# Pulling Hook. - Not A Standard Hook



## Davethebulldog (Aug 5, 2007)

when i hit my irons i seem to have developed a pulling hook. The hook happens immediately after striking the ball. Its not like a hook that develops half way through the air its very immediate upon the strike....

any ideas on drills or what im doing


----------



## RingerPro (Apr 5, 2007)

Davethebulldog said:


> when i hit my irons i seem to have developed a pulling hook. The hook happens immediately after striking the ball. Its not like a hook that develops half way through the air its very immediate upon the strike....
> 
> any ideas on drills or what im doing


You are shutting the face down too much and it sounds like you are trying to hit UP on the ball.

Just get the leading edge of the clubface to strike the lower half of the ball and THAT will get it up in the air. As for the clubface, I would check your grip to make sure it isn't too strong.


----------



## Foster4 (May 2, 2007)

RingerPro said:


> You are shutting the face down too much and it sounds like you are trying to hit UP on the ball.
> 
> Just get the leading edge of the clubface to strike the lower half of the ball and THAT will get it up in the air. As for the clubface, I would check your grip to make sure it isn't too strong.



sounds like your putting too much influence about impact affecting how he's hitting the ball..shouldn't it be something to do with his back swing /followthrough ..i mean impact is only .003 seconds that can't possibly make him pull hook it ...doesn't sound right...got a finish/followthrough that fixes a hook by chance? sarcasm off

strong grip won't cause a huge pull/hook ..its more then that..but could possibly be a partial cause..but could lead to fixing it b/c a lil adjustment that feels right will trick the brain into curing it


----------



## RingerPro (Apr 5, 2007)

Foster4 said:


> sounds like your putting too much influence about impact affecting how he's hitting the ball..shouldn't it be something to do with his back swing /followthrough ..i mean impact is only .003 seconds that can't possibly make him pull hook it ...doesn't sound right...got a finish/followthrough that fixes a hook by chance? sarcasm off
> 
> strong grip won't cause a huge pull/hook ..its more then that..but could possibly be a partial cause..but could lead to fixing it b/c a lil adjustment that feels right will trick the brain into curing it


[sarcasm]
Do you have a problem with me or is it just that time of the month?
[/sarcasm]


----------



## Foster4 (May 2, 2007)

no just funny how you bashed my idea about impact being the most important ..because it only lasts .003 or whatever you said ...then you come in here saying it was because he was shutting the face down which is impact ...and i figured if you can cure a slice with a followthrough why cant you cure a hook with one?

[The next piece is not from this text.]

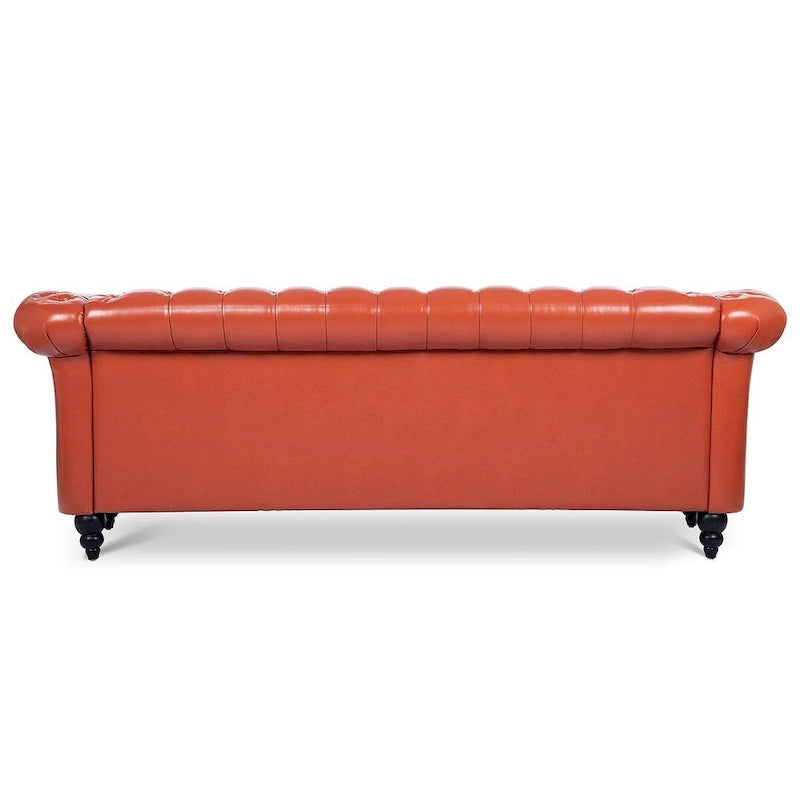 Canapé Chesterfield capitonné en similicuir avec accoudoirs roulés (84,65)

just making a point....if the ball goes straight or does what you want it to ...nothing else matters ...it did what you wanted it to do...and what affects that the most? impact then after impact your followthrough is affected by what kind of shot you hit...but impact is the main point that determines where your ball goes...

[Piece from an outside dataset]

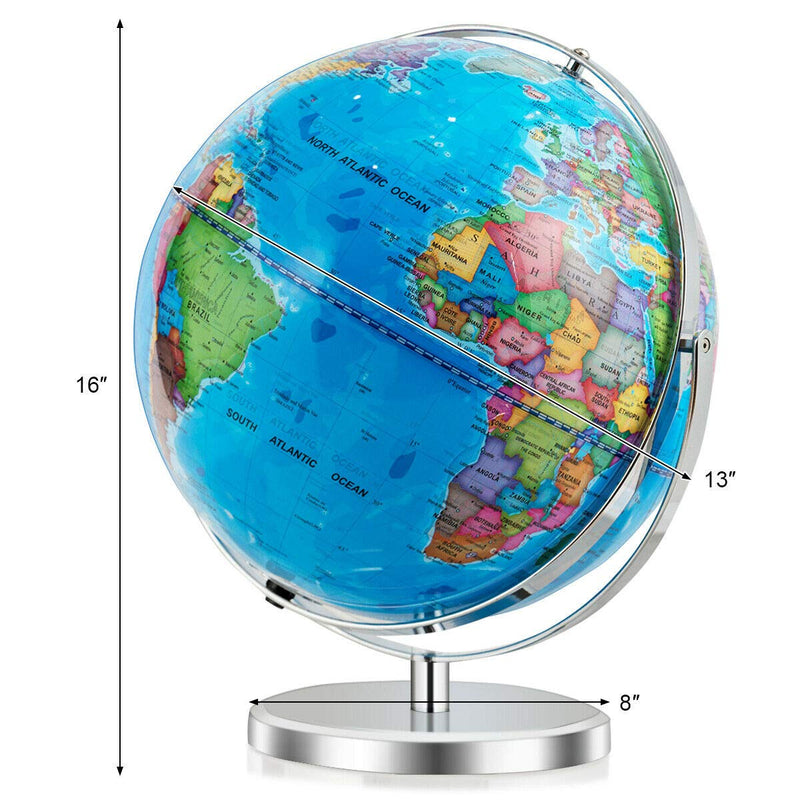 Load image into Gallery viewer, Desktop World Globe, Educational Geographic World Globe with LED Lights - GoplusUS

i dont have a problem with you, im just proving a point...and plz leave the insults for the ppl who need them ...dont insult me just cause you cant support your followthrough theory


----------



## RingerPro (Apr 5, 2007)

Foster4 said:


> no just funny how you bashed my idea about impact being the most important ..because it only lasts .003 or whatever you said ...then you come in here saying it was because he was shutting the face down which is impact ...and i figured if you can cure a slice with a followthrough why cant you cure a hook with one?
> 
> just making a point....if the ball goes straight or does what you want it to ...nothing else matters ...it did what you wanted it to do...and what affects that the most? impact then after impact your followthrough is affected by what kind of shot you hit...but impact is the main point that determines where your ball goes...
> 
> i dont have a problem with you, im just proving a point...and plz leave the insults for the ppl who need them ...dont insult me just cause you cant support your followthrough theory


Oh, I'm sorry.. I thought the sarcasm tag meant you can say whatever you want, like you did...

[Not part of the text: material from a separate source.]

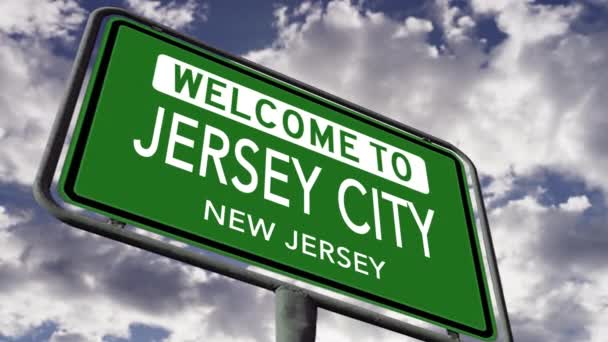 Välkommen Till Jersey City New Jersey Usa Road Sign Närbild — Stockvideo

Tell me where I said "Impact" in my advice to him. I said closed, that is closed to the swing plane. Trying to get the leading edge of the club to strike the lower half of the ball is a controlable intention during the motion. Clubface direction is much much harder to control.

Youre problem is your so closed minded to something you won't even try that you'll forever be a worse golfer for it.


----------



## Topflite_d2 (May 7, 2007)

Guys you need to help this guy because by helping him you'll be helping me because I do the same thing. I mean the pull hook thing.


----------



## Davethebulldog (Aug 5, 2007)

You two are funny...should be on telly doing a sketch or something! 

Still pull hooking !!!! ARRRRRRRH


----------



## Topflite_d2 (May 7, 2007)

Davethebulldog said:


> You two are funny...should be on telly doing a sketch or something!
> 
> Still pull hooking !!!! ARRRRRRRH


I know it is hilarous two guys want to play better golf but we can't because two little sissy girls won't stop fighting long enough to help us.


----------



## 300Yards (Jan 23, 2007)

A closed clubface does have something to do with it, though your swingpath is probably influencing it more. If you are swinging out to in, then depending on how much you roll your wrist over, and how your followthrough is, thay can cause the pull hooks.


----------